**WHAT IS NEEDED:**
Establish how many lines in the records below include the word "image"; respond with that number only.

**PROVIDED MATERIAL:**
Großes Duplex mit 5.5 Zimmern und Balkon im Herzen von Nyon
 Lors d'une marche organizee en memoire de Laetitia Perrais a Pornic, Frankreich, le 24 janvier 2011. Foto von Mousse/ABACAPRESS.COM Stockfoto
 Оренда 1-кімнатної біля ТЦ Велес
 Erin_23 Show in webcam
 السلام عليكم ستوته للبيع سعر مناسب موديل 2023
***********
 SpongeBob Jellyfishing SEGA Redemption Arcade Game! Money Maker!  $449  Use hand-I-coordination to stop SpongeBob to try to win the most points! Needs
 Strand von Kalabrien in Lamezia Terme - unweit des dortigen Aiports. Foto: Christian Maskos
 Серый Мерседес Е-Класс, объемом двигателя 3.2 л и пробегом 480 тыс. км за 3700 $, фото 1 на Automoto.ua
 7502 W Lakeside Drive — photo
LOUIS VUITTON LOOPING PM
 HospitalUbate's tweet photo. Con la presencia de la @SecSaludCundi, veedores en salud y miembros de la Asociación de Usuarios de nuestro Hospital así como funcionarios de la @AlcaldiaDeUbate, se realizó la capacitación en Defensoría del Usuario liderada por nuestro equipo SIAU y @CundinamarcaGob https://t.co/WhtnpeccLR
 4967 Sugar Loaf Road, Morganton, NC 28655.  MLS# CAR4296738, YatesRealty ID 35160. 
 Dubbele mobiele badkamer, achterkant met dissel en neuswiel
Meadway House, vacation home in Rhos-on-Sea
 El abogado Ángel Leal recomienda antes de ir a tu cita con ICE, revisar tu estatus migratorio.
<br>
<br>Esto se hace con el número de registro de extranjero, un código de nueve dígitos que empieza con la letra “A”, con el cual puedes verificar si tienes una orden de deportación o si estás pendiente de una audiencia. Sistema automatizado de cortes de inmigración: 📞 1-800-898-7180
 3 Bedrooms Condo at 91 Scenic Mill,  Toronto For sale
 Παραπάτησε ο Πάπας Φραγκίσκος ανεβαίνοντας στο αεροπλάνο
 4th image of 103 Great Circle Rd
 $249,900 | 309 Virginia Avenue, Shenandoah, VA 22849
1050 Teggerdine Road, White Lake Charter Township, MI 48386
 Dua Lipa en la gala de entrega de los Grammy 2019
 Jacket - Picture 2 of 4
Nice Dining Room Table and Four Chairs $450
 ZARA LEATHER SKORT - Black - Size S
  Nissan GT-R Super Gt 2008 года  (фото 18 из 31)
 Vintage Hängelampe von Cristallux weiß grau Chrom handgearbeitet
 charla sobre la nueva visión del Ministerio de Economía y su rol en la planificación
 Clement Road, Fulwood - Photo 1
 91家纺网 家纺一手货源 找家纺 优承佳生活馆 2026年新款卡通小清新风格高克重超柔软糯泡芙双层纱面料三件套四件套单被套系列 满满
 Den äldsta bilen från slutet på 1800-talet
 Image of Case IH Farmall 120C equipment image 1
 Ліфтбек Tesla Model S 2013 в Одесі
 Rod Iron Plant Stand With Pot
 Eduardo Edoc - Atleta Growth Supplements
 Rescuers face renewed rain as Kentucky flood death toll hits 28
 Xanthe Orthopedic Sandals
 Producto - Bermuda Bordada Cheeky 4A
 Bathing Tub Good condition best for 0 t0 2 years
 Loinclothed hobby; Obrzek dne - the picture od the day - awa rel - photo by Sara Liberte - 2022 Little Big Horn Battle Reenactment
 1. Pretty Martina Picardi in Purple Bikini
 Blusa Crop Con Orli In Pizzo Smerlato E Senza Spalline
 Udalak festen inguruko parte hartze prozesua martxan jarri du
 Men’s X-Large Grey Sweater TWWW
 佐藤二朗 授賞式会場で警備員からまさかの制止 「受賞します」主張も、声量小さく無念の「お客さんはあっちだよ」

**EXERCISE SOLUTION:**
2